As for the information which the Holy See did send the inquiry, the report described it as doing “little more than confirm the bishops’ authority within their own dioceses and provide documents already within the public domain.”

The report also criticised the Holy See heavily, stating that the actions of the Holy See in relation to the inquiry, were in contrast to the Pope’s 2019 words promising more action to resolve child sexual abuse: “the Holy See’s stance was contrary to the spirit of its public statements.”

In sum, the report concluded that: “The Holy See’s limited response on this matter manifestly did not demonstrate a commitment to taking action. Their lack of cooperation passes understanding.”

Previously, in the IICSA 2019 investigation into Ealing Abbey, Nuncio Adams had been approached for a statement, but, after much attempted contact with the Vatican “no information was provided” from either party prior to the hearing.

Nichols’s response

Just the day before the IICSA report was released, Nichols released a letter saying that his resignation as Archbishop of Westminster had been accepted by Pope Francis due to his age, although he was to remain in office until “other provision is made.”

However, the next day Nichols presented a different interpretation of his message when responding to calls for his resignation in the wake of the IICSA report: “I sent my resignation into Pope Francis and I have received a very unequivocal reply, and that is that he tells me to stay in office here…I do what I’m told. The Holy Father put me here and he tells me to stay here - that’s enough for me.”

U.K. media outlets even reported that Nichols had suggested that Francis had turned down the cardinal’s resignation. 

In a video response to the report, Nichols spoke to victims of abuse, claiming “I understand something, something of what you live with, of what you’ve gone through.”

The BBC noted that one victim of sexual abuse who testified in the inquiry, said that “thousands of pounds have been spent by the Diocese of Westminster in employing lawyers to keep me at arm’s length.”
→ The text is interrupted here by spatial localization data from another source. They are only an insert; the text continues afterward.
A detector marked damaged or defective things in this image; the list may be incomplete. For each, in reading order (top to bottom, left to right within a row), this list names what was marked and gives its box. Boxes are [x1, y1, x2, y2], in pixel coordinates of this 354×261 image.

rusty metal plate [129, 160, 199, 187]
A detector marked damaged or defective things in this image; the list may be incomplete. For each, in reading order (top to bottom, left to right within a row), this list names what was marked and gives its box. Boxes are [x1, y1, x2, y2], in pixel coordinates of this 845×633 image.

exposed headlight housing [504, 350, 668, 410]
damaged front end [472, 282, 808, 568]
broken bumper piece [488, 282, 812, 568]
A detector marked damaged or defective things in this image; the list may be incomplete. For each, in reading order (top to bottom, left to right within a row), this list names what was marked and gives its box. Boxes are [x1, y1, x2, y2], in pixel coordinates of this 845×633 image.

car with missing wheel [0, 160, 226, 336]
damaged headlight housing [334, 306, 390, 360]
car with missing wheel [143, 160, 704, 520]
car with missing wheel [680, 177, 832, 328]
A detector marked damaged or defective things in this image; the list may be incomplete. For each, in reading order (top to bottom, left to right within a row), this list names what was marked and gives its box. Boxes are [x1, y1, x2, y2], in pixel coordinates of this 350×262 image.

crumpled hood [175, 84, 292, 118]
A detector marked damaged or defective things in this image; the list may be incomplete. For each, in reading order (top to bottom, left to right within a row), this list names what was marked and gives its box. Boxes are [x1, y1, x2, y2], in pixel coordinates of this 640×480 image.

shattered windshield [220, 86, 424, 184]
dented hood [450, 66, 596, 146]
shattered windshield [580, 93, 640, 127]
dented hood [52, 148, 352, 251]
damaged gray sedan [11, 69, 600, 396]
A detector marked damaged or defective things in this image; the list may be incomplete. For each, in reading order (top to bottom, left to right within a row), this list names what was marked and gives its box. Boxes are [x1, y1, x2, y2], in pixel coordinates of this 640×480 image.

U.K. newspaper The Guardian reported that “[o]ne survivor represented by Slater and Gordon who gave evidence before the inquiry” stated: “Vincent Nichols will retire with a full pension – meanwhile, the victims that he denied justice to have to live on, still suffering.
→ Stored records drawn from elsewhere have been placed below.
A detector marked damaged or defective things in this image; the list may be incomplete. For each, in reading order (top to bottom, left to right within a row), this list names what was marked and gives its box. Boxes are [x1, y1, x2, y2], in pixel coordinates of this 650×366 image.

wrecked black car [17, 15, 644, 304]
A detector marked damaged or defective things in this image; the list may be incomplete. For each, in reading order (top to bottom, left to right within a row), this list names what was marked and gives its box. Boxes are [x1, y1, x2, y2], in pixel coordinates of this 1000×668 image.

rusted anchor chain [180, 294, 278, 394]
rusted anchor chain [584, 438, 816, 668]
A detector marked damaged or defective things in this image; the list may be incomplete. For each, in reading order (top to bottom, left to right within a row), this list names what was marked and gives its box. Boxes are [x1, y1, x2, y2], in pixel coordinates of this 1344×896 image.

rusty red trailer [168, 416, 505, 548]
“The fact is Nichols is a serial protector of paedophiles and he is the person that you should least expect it from,” they continued. 

“The head of a church should have the greatest morals of all but instead they were sending paedophiles to other areas of the country – and America – in an attempt to cover the abuse up.”
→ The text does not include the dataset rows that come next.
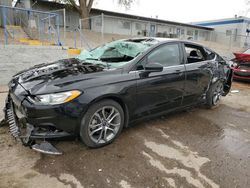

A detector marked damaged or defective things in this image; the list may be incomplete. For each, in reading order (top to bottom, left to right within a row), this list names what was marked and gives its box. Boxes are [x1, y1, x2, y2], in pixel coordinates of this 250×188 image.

damaged front bumper [2, 94, 73, 155]
crumpled hood [11, 58, 105, 94]
shattered windshield [76, 39, 151, 68]
damaged car [0, 37, 233, 154]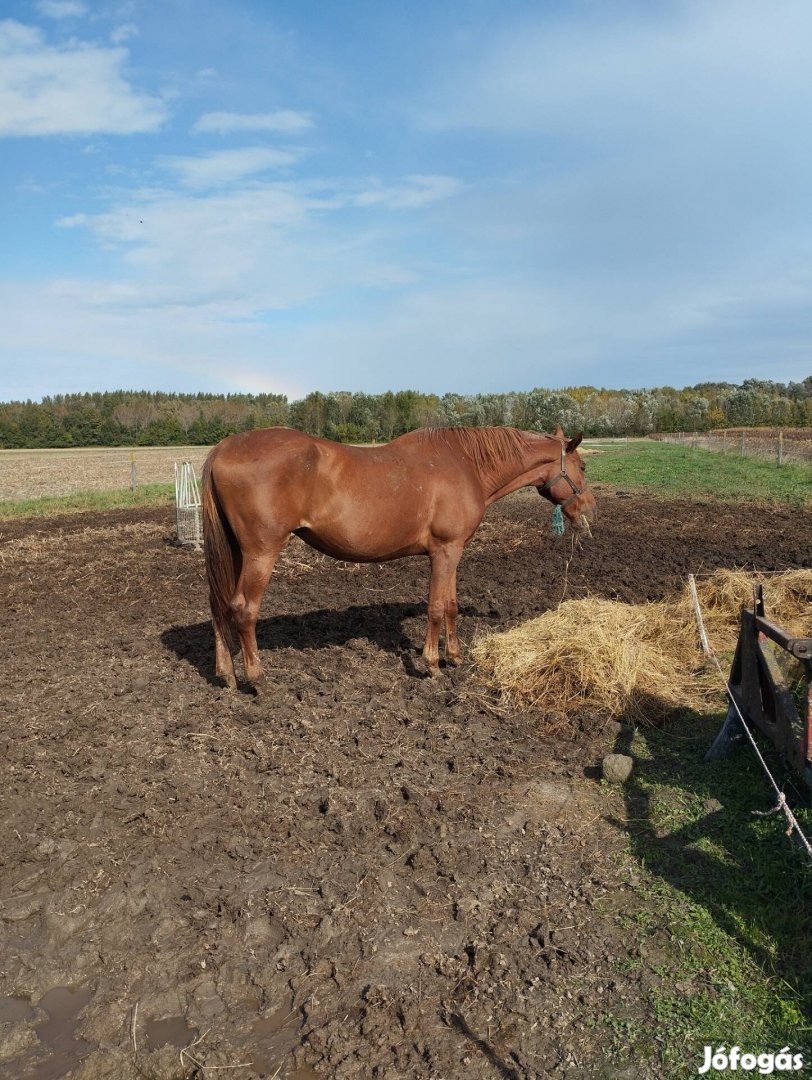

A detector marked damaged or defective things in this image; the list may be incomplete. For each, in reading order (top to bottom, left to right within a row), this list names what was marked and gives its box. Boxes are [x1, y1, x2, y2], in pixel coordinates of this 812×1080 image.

rusty metal frame [704, 583, 812, 794]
A lawyer for Slater and Gordon noted that the report contains “some of the most severe criticisms of a public figure ever made by a public inquiry,” and that it “comes close to concluding that Cardinal Nichols misled the inquiry.”

Noting that Nichols was described as lacking moral leadership, Deacon Nick Donnelly, a prominent commentator on Catholic news, described the report as a “[d]amning conclusion about someone who claims to be a successor of the apostles & follower of Christ.”

Deacon Donnelly added, it “exposes the sham of the Vatican’s claim to take clergy sex abuse of children seriously. Lying comes easily in the Empire of Dirt.”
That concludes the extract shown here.